* GIVEN RECORDS *
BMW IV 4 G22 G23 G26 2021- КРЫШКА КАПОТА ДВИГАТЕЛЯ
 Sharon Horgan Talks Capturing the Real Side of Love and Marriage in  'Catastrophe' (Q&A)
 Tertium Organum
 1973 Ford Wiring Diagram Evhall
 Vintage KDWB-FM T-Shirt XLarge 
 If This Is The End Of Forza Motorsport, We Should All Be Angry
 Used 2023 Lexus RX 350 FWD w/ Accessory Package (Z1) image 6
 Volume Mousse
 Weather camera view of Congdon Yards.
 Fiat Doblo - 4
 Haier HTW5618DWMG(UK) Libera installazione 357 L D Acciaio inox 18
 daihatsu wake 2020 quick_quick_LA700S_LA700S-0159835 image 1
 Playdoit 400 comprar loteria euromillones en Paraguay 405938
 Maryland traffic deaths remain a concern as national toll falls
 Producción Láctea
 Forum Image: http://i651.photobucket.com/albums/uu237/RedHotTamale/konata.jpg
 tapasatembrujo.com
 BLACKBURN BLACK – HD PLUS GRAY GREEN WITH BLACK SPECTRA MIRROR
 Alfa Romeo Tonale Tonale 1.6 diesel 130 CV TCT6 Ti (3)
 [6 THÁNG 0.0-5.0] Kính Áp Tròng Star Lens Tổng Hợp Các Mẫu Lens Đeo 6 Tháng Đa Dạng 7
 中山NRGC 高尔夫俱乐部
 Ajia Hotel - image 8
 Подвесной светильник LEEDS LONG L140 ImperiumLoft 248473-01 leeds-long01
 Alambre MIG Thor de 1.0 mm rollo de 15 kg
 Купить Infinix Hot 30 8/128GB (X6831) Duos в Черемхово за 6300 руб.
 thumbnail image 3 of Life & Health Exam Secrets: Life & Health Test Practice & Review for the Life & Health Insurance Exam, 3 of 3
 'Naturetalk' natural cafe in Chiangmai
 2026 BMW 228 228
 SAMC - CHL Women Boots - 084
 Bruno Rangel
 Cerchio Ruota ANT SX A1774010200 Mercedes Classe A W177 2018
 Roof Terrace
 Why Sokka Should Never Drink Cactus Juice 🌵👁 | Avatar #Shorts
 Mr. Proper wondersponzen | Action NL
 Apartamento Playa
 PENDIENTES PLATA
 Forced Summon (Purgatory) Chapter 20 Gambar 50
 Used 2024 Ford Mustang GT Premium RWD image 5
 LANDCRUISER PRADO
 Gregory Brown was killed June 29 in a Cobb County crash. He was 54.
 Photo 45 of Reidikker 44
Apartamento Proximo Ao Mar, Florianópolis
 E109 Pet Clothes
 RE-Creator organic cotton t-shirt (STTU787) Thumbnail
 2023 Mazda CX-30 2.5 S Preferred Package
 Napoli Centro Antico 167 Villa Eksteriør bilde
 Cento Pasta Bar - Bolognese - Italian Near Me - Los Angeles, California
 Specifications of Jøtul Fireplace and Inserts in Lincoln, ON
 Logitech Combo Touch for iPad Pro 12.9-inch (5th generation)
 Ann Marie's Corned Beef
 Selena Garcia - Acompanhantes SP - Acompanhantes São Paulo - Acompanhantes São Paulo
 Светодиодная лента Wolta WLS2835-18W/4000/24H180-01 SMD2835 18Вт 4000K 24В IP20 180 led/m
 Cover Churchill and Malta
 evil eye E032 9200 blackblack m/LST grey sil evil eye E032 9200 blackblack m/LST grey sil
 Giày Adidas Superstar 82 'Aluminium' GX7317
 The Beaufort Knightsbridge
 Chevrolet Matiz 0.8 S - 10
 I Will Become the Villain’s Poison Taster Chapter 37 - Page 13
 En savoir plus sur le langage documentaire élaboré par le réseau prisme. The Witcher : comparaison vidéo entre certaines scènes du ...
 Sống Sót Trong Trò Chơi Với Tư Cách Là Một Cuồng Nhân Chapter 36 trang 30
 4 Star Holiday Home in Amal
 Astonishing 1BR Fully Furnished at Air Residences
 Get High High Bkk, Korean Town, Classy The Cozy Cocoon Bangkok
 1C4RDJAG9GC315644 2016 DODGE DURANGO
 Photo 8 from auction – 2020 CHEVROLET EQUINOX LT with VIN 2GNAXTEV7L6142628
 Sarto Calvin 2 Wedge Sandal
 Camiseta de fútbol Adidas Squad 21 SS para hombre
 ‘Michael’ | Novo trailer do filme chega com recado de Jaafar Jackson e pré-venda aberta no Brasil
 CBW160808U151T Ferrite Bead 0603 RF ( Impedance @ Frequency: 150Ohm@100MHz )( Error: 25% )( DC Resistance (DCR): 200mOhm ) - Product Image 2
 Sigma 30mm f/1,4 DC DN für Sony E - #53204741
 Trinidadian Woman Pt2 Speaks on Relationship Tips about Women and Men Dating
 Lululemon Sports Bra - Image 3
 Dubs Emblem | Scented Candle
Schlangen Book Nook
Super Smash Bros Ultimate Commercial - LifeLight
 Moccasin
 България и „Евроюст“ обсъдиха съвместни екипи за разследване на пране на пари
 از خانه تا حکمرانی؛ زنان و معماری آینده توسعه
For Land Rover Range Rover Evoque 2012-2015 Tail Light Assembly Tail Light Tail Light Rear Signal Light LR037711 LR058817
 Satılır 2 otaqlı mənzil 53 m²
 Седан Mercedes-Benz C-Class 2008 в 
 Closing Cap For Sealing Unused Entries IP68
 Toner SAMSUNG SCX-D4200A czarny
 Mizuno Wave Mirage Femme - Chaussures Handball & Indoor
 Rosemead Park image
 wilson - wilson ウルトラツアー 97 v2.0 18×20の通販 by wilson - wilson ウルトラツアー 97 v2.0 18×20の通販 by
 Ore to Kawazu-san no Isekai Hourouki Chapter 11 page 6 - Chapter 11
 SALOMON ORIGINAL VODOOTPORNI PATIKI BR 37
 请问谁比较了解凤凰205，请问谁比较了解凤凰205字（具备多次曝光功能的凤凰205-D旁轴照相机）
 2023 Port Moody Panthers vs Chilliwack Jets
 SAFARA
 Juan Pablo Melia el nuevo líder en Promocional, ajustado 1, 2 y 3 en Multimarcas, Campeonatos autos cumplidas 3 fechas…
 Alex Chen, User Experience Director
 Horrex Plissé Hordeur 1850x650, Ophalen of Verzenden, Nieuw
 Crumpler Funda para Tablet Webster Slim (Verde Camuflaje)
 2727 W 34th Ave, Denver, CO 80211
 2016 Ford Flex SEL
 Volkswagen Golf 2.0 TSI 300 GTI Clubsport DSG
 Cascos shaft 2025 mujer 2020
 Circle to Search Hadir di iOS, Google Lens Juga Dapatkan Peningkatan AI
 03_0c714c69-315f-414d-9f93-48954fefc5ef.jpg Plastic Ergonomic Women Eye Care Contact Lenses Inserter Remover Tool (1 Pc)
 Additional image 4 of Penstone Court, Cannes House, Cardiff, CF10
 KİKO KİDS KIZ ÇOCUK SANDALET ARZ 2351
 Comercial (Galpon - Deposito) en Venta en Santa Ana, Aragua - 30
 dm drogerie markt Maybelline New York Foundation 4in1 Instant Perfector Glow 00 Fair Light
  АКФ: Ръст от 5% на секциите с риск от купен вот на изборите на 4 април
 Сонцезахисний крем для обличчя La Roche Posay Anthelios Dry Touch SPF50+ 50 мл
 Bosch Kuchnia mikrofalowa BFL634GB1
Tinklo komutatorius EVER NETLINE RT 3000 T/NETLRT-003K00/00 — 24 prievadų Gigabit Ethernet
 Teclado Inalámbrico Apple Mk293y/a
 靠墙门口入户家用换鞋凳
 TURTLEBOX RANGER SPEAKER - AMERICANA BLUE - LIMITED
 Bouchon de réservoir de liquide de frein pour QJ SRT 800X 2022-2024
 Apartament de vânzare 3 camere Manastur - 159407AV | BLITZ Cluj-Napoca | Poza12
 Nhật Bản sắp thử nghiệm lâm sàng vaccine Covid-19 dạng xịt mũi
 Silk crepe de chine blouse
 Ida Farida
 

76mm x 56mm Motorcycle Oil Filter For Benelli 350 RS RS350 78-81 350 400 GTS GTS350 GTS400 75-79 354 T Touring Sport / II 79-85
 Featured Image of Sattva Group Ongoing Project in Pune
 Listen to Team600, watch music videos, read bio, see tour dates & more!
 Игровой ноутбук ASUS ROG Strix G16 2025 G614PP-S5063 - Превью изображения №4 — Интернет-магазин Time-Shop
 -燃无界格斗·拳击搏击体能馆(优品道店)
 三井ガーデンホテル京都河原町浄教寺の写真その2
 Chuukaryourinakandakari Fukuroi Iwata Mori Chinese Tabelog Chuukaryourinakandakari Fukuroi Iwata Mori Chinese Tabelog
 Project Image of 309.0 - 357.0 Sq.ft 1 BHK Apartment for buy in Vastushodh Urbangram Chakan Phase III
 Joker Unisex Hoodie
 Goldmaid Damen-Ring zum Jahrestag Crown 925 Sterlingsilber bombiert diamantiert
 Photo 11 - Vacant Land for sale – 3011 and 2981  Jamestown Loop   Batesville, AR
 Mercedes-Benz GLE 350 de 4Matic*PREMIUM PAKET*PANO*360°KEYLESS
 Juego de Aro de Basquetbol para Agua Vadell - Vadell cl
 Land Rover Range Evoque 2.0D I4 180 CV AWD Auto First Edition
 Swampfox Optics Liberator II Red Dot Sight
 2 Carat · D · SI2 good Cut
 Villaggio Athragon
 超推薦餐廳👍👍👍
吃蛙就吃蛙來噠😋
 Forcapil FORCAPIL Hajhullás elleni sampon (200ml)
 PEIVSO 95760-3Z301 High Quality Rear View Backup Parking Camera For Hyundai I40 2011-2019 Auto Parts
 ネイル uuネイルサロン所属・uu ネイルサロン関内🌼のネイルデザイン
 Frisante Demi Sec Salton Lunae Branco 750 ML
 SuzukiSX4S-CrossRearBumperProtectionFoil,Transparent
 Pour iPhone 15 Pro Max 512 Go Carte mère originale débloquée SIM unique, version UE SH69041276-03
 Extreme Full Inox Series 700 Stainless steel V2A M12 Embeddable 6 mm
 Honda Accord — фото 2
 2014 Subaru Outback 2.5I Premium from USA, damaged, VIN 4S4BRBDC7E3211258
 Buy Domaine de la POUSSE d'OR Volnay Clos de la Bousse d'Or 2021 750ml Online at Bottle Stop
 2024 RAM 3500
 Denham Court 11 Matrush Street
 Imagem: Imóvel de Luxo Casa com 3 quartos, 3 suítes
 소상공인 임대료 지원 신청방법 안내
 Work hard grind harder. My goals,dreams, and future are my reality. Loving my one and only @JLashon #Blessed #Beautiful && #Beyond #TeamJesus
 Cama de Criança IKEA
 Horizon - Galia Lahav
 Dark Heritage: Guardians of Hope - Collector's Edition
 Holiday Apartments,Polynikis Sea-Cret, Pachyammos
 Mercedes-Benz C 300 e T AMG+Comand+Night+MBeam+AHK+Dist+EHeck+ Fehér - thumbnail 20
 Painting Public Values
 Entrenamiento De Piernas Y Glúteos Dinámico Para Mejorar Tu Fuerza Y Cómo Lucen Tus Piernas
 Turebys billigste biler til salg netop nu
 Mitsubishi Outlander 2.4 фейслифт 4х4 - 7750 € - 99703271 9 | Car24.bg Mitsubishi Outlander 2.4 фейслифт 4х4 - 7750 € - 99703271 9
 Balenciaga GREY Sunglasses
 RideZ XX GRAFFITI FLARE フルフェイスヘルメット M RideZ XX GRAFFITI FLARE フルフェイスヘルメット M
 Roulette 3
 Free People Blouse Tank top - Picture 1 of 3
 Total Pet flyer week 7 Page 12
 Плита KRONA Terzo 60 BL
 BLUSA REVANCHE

* TASK DESCRIPTION *
The word "Edition" may occur in lines of the data above; say how many lines hold it, giving only the number.

* SOLUTION TO THE EXERCISE *
2